The current running time exceeds 48h and I would like to reduce the running time using threads, memory, -c and -b parameter. SLURM_mem = 32GB SLURM_cpus=32
diamond blastx -d NR.dmnd -q input.fastq.gz -p 32 -c1 -k 1
Can you recommend optimal values based on the given input data ? THis would help me a lot to avoid wasting time with parameter benchmarks.
Best, Michael
-c1 is good, you can try a higher block size like -b6, if you can assign more memory to a task. 32 threads per task seems reasonable but could be increased. Two options worth a try could be --iterate and -g (like -g 100). I can't tell you though how much that would help, you should benchmark that yourself.
Thanks for the rapid feedback! I will try to increase SLURM_mem to 128 GB. In case of more memory is even -b8 reasonable?

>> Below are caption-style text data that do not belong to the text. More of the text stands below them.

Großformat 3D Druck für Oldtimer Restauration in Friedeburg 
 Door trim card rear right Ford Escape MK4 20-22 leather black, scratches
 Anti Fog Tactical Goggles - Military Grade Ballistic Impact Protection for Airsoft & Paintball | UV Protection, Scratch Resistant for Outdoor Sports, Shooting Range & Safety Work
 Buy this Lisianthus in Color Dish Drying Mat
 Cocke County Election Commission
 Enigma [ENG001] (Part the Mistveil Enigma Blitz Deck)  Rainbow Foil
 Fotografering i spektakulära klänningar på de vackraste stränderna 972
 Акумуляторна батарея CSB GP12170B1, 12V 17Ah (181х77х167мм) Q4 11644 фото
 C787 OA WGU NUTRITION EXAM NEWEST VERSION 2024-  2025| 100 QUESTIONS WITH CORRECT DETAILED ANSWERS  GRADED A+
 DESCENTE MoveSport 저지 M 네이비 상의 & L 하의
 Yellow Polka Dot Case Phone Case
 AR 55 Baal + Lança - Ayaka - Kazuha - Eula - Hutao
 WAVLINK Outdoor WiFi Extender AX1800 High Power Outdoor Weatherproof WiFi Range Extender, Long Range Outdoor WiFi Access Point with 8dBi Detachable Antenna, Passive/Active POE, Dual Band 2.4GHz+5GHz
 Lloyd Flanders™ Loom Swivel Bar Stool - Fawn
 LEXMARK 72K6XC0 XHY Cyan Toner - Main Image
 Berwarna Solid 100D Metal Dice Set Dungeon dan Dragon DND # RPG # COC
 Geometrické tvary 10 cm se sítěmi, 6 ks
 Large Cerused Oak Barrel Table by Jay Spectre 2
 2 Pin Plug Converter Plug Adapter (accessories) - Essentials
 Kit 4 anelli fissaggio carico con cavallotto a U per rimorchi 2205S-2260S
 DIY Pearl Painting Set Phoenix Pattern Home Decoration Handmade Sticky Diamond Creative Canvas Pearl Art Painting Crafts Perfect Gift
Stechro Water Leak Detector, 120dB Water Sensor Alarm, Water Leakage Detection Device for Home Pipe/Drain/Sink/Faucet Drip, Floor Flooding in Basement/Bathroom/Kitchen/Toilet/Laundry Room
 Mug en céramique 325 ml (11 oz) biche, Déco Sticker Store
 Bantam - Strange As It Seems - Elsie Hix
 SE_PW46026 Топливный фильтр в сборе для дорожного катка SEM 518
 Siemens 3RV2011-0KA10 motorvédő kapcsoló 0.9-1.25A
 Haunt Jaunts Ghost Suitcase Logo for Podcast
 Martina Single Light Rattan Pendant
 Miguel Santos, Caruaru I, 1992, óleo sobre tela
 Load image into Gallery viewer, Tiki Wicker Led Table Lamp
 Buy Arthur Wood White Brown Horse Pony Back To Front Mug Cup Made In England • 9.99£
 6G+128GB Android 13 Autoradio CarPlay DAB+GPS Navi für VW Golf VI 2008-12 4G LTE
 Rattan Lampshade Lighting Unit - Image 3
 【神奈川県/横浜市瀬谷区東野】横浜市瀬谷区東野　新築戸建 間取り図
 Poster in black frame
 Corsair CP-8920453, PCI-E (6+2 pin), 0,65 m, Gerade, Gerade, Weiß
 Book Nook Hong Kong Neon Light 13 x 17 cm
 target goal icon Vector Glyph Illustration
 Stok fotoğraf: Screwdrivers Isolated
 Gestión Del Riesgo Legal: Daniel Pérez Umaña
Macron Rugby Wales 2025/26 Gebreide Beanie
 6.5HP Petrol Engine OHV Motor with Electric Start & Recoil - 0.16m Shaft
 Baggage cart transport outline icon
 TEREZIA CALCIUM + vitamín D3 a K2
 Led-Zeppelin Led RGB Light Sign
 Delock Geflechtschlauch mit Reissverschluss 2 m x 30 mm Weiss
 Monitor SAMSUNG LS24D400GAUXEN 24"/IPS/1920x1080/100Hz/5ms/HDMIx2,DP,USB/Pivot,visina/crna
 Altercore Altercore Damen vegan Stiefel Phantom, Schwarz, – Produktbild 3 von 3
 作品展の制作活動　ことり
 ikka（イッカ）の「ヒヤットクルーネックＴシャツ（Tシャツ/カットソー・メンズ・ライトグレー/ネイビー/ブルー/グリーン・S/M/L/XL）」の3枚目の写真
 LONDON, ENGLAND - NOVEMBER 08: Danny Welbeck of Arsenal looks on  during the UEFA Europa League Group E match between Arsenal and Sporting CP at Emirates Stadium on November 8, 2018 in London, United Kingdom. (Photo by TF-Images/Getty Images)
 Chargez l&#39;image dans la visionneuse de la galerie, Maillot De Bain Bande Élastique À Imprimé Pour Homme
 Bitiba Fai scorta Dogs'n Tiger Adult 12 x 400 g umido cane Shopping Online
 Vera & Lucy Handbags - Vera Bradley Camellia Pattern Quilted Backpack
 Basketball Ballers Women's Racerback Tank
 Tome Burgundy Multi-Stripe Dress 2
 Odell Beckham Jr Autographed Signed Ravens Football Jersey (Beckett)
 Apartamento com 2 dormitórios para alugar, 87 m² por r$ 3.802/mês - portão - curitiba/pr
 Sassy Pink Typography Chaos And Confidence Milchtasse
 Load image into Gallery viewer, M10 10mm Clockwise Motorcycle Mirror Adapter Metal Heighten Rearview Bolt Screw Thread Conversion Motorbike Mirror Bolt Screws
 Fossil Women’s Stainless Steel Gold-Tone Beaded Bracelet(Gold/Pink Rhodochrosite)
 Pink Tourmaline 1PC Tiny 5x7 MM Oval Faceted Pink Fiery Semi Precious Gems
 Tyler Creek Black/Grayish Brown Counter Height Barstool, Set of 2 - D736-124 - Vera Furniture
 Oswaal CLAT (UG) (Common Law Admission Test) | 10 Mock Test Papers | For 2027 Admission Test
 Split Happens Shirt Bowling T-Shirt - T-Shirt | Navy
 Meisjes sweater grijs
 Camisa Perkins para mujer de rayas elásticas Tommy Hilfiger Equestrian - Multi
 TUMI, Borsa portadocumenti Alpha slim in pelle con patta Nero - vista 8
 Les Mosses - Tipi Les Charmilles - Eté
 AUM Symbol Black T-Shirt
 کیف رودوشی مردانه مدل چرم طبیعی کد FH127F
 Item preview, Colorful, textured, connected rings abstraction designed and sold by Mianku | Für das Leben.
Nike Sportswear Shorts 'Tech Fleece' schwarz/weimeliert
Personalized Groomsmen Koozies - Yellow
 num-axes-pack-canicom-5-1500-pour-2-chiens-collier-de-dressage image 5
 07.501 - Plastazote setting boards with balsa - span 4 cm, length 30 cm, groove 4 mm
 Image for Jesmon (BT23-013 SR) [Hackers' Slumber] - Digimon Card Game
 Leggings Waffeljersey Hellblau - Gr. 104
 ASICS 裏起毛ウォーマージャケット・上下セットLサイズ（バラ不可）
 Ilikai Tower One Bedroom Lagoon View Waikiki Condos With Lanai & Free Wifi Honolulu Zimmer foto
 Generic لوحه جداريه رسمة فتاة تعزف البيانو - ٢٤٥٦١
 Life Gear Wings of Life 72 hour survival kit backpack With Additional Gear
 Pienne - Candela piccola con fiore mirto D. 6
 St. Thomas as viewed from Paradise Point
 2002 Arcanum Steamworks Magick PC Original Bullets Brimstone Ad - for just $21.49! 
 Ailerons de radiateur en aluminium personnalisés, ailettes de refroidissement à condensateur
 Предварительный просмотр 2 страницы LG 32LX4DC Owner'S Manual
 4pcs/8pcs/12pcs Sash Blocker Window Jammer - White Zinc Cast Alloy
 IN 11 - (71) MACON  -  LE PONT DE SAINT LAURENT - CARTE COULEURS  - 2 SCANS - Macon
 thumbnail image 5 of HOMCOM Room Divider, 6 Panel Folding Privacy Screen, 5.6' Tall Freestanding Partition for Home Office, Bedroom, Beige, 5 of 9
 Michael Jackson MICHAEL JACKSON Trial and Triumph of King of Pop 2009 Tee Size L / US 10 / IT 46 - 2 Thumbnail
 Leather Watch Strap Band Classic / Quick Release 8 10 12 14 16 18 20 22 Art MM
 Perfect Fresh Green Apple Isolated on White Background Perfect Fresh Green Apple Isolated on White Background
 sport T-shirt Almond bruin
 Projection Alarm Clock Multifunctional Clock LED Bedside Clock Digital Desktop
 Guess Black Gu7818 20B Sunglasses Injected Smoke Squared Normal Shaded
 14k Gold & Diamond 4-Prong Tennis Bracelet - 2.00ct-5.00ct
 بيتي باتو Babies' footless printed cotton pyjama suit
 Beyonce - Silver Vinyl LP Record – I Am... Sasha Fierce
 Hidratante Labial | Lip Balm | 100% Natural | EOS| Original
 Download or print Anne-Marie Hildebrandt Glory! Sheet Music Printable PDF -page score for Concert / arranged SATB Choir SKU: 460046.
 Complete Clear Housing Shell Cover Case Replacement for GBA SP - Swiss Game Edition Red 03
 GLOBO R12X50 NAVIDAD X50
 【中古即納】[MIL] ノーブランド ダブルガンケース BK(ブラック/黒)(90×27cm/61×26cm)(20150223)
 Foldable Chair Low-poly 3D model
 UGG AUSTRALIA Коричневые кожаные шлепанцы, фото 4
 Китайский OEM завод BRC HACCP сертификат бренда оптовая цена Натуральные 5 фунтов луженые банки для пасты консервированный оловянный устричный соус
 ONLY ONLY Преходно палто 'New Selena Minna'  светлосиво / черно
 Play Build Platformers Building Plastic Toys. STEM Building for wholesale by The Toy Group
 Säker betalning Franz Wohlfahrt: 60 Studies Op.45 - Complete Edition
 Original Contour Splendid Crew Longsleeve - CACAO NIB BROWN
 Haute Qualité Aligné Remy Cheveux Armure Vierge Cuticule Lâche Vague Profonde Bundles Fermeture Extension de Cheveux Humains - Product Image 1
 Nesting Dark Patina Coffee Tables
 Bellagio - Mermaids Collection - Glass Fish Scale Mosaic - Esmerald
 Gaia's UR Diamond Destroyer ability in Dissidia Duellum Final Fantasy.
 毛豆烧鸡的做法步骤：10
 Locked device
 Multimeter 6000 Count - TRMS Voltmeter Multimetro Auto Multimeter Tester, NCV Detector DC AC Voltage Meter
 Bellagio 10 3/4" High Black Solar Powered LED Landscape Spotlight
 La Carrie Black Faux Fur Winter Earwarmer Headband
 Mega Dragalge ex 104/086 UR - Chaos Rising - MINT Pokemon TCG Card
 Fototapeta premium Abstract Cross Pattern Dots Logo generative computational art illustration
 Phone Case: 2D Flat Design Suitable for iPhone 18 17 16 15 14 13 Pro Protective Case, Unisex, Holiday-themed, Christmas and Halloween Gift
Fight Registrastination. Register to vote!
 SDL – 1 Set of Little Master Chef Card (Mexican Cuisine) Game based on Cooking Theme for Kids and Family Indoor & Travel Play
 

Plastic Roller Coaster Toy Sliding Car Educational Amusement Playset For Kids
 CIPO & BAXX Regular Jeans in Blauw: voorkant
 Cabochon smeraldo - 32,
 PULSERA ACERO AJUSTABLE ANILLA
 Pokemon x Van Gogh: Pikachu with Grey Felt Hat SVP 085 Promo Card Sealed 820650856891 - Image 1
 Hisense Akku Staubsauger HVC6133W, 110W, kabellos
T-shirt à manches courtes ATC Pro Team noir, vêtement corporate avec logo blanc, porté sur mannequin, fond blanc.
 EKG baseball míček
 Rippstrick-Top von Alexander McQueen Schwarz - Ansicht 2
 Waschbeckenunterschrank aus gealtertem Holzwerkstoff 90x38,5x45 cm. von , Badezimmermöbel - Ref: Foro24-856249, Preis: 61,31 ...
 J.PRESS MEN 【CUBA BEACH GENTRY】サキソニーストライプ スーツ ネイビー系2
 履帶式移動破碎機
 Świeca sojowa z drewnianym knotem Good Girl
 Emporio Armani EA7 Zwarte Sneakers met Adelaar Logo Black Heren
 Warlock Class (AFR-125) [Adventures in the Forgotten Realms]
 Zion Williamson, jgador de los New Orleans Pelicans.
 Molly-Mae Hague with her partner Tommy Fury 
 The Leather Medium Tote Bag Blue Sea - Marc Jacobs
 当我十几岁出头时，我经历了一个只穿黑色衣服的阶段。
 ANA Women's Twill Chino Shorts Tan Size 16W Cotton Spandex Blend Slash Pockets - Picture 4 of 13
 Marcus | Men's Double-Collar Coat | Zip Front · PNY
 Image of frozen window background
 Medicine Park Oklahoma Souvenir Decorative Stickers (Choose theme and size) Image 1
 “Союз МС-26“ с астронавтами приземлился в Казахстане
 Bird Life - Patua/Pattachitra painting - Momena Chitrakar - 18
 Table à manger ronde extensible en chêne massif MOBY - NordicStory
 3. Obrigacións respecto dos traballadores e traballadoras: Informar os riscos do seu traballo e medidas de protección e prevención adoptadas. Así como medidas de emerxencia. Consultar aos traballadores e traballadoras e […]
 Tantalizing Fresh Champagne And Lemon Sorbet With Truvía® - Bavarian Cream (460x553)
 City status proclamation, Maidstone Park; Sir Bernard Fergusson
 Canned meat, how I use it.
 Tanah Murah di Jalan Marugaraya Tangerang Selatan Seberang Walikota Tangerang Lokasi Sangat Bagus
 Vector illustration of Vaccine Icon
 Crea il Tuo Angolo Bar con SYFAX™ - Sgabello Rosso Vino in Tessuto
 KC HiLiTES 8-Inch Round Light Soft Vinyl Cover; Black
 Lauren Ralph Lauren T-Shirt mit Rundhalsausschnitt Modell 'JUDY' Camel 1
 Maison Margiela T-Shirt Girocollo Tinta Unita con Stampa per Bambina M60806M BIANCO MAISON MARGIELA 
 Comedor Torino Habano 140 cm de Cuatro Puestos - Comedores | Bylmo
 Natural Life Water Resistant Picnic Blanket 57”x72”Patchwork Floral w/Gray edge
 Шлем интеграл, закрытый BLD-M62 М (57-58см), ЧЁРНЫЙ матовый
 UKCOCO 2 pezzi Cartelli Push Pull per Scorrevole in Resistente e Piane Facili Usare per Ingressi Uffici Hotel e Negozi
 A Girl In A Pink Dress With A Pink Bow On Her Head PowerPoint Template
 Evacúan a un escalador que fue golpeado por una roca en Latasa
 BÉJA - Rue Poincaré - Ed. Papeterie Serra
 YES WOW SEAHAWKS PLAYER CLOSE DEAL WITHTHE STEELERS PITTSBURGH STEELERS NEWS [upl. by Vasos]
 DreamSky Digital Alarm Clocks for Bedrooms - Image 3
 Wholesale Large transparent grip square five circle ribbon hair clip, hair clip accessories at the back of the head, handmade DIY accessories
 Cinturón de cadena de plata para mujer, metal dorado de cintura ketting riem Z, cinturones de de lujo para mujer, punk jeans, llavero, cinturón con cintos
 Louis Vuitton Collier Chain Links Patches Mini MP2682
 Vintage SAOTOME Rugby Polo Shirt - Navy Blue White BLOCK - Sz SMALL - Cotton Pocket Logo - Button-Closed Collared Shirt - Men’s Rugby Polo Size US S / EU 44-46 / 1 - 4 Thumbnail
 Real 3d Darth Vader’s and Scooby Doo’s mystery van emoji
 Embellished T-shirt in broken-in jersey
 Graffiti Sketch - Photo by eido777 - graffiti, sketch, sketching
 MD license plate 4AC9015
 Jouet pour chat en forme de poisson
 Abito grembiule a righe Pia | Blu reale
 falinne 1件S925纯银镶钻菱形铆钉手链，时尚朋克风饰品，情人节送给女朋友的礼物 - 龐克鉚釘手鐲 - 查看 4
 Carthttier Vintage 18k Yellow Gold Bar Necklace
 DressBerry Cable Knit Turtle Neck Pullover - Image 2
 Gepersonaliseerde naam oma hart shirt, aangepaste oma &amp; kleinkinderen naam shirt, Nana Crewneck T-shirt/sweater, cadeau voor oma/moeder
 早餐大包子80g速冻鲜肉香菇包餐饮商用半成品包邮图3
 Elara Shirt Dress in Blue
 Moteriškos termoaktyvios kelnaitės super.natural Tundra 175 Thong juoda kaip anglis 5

The parameter -g is very interesting as it affects the local alignment. Should it be fitted to the length of the input sequences ?
-b8 should be slightly faster than -b6 but the gains are probably pretty marginal. The parameter of -g is the number of targets that will be extended for each query, so no it does not really depend on the sequence length.
Another hint: the best way to speed this up would be to first cluster the database. Diamond now has the feature to do it.
Thanks for the new feature! Two questions: Is the --approx-id parameters a approximation similar to CDHIT -c parameter ? (identity threshold)
Has someone already benchmarked the clustering of the NR database ? To make it work, it would be important that clusters contain sequences of the same genus in most cases.
I just realised that fastq.gz are not supported by the current version 2.11. For performance reasons is it better to use input fasta ?
Is the --approx-id parameters a approximation similar to CDHIT -c parameter ? (identity threshold)
Yes.
Has someone already benchmarked the clustering of the NR database ?
This is the number of clusters for 826052433 input sequences running diamond linclust, the runtime on a 128-core node is between 6-20h.
| id% | clusters |
|---|---|
| 90 | 380670766 |
| 80 | 244939256 |
| 70 | 166007477 |
| 60 | 116931790 |
| 50 | 86216486 |
| 40 | 66605982 |
| 30 | 54766718 |
| 20 | 50723066 |
You can also check out this paper https://journals.asm.org/doi/10.1128/msystems.01408-21
To make it work, it would be important that clusters contain sequences of the same genus in most cases.
You would have to cluster at a conservative 80%-90% cutoff most likely and check if that's the case, I haven't looked into it.
I just realised that fastq.gz are not supported by the current version 2.11. For performance reasons is it better to use input fasta ?
That should be supported actually, can you tell me how to reproduce the error? You can convert to fasta first, it should not matter for the performance.